Identity theft involving housing fraud occurs when an identity thief obtains a home with a mortgage loan or more commonly when the identity thief rents housing. It also includes “home takeover” by the thief.
This type of identity theft may lead to other types of identity theft such as utilities and insurance fraud. Once the thief has housing, they may need or be required to obtain insurance. When they order utilities they will likely put those utilities (gas, electric, water, telephone and cable) under the same alias that was used to obtain housing.
Housing fraud also occurs when identity thieves pose as the homeowner and obtain a loan or mortgage against a victim’s property or sell the victim’s property. This is another reason why it is critical that local governments limit the accessibility of mortgage documents and social security numbers through the web.

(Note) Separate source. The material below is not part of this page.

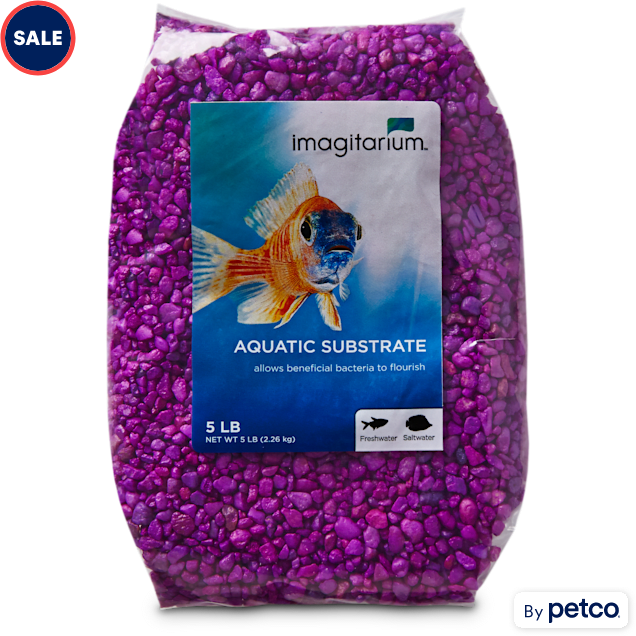Imagitarium Neon Purple Aquarium Gravel, 5 lbs - Carousel image #1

Today, rental housing may be obtained without providing a social security number. Some local governments bar landlords from requiring prospective tenants to provide their social security number on a rental application. The purpose of these regulations is intended to create safe havens for illegal immigrants, felons and others. Although some may argue that such bans are intended to protect social security numbers of consumers. But often, the same local governments that ban landlords from requiring social security numbers are the ones that make social security numbers and other sensitive information web accessible to anyone with an Internet connection.
This practice may result in ambiguity in the identity of the applicant when credit reports are used to verify the applicant’s credit worthiness. Landlords need to be careful to use additional verifiers such as the date of birth and previous addresses to confirm that the credit report corresponds to the applicant and not someone else with the same first and last name.

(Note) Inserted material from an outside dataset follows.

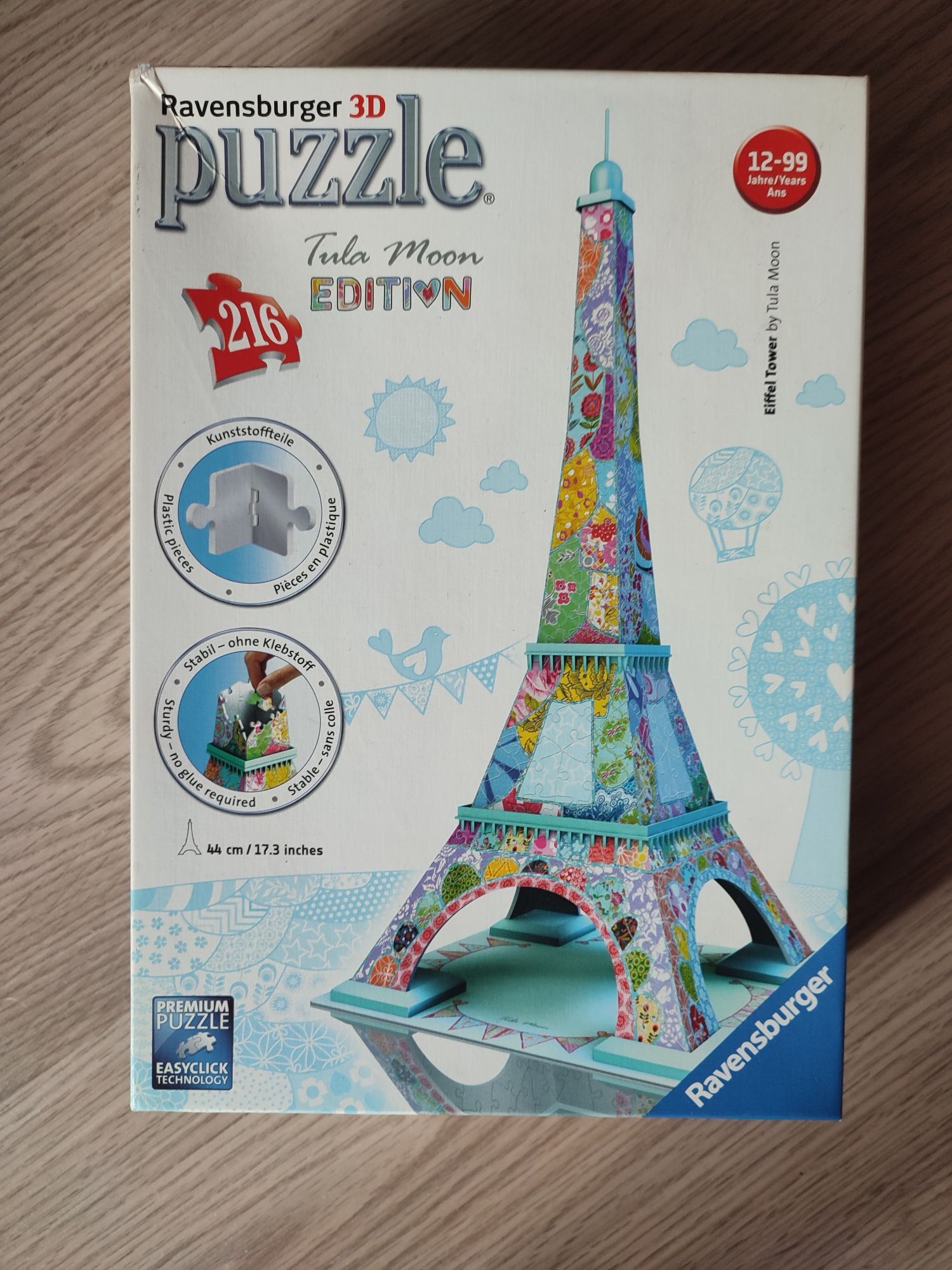 Puzzle 3d Wieża Eiffla tula moon edition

Despite local government efforts to prevent landlords from obtaining an applicant’s social security number and to create safe havens for illegal immigrants, the Federal Red Flags Rule provides an additional check against these policies. Under the Red Flags Rule (a law), utility companies are required to validate the identity of the person opening any new utility account. If utility companies comply with the Red Flags Rule, identity thieves may be denied services, and as a result, they may not be able to comply with a lease by obtaining utilities in their name. Many major utilities are currently complying with the Red Flags Rule. Compliance is required by November 1, 2009.
Identity theft can affect many different facets and create a complicated situation for the identity theft victim to untangle.